Lithuanian-Polish folktale apparition

The Plague Maiden (Morowa dziewica, 'Maid of Pestilence') is the name given to an apparition from a Lithuanian-Polish folktale. She was said to appear before a plague befell a town. She is often described as waving a red handkerchief through victim's doors, either because it is dyed that way or because it is soaked with blood. Some folktales say that she wears white and has a fiery wreath across her temples. Another such description of her shows that she is an older woman, haggard and tall. Her ailing frame is draped by a decrepit white robe.

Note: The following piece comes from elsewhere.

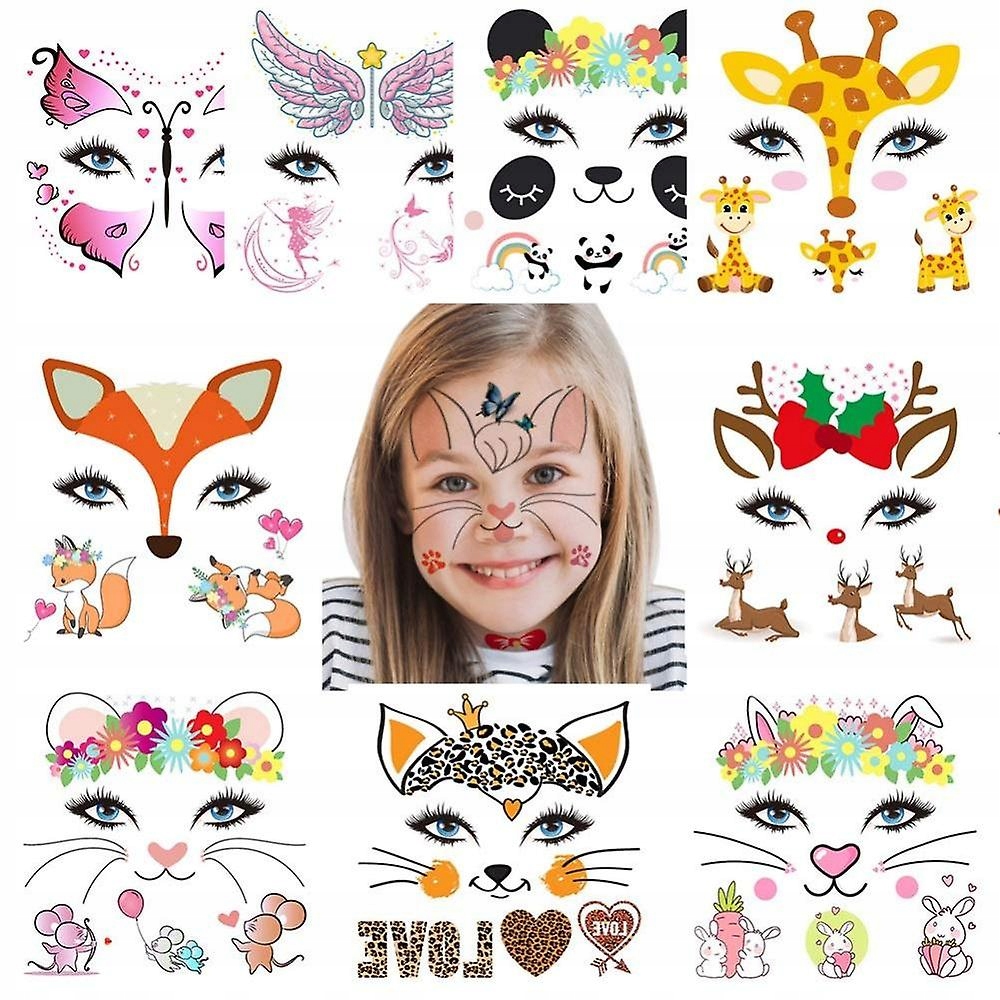 Animal Temporary Face Tattoo Sticker Set Water 12151385792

Another such folktale appears in Slovenia, with a so called plague woman who is an outsider to a small township and dares not enter the township without some help. She is shunned by many of the townsfolk except one man whom she manages to convince to give her a ride into the town using his cart. In recompense for his actions she remembers his house. As the plague wreaked havoc on the town, he managed to survive the plague, saved by virtue of his kindness

A popular ballad told the tale of a man who killed the plague maiden using a sword inscribed with the names of Jesus and the Virgin Mary and stole her handkerchief. At the end of the ballad, though the man and his family die, their town is never again touched by plague. The red handkerchief was supposedly kept at the town church, but the location is never named.

The legend was mentioned by Adam Mickiewicz in his poem Konrad Wallenrod.

==Bibliography==
- Mickiewicz, Adam (1975). "Konrad Wallenrod and other writings of Adam Mickiewicz"
- Siemieński, Lucjan (1845). "Podania i legendy polskie, ruskie i litewskie"
- Grimm, Jacob (1999). "Teutonic mythology"
- Ziegler, Philip (2009). "The black death"
- Muniz, Alanna. The Survival of the Neolithic Goddess in Polish Folklore, Myth, and Tradition. Institute of Transpersonal Psychology, 2010.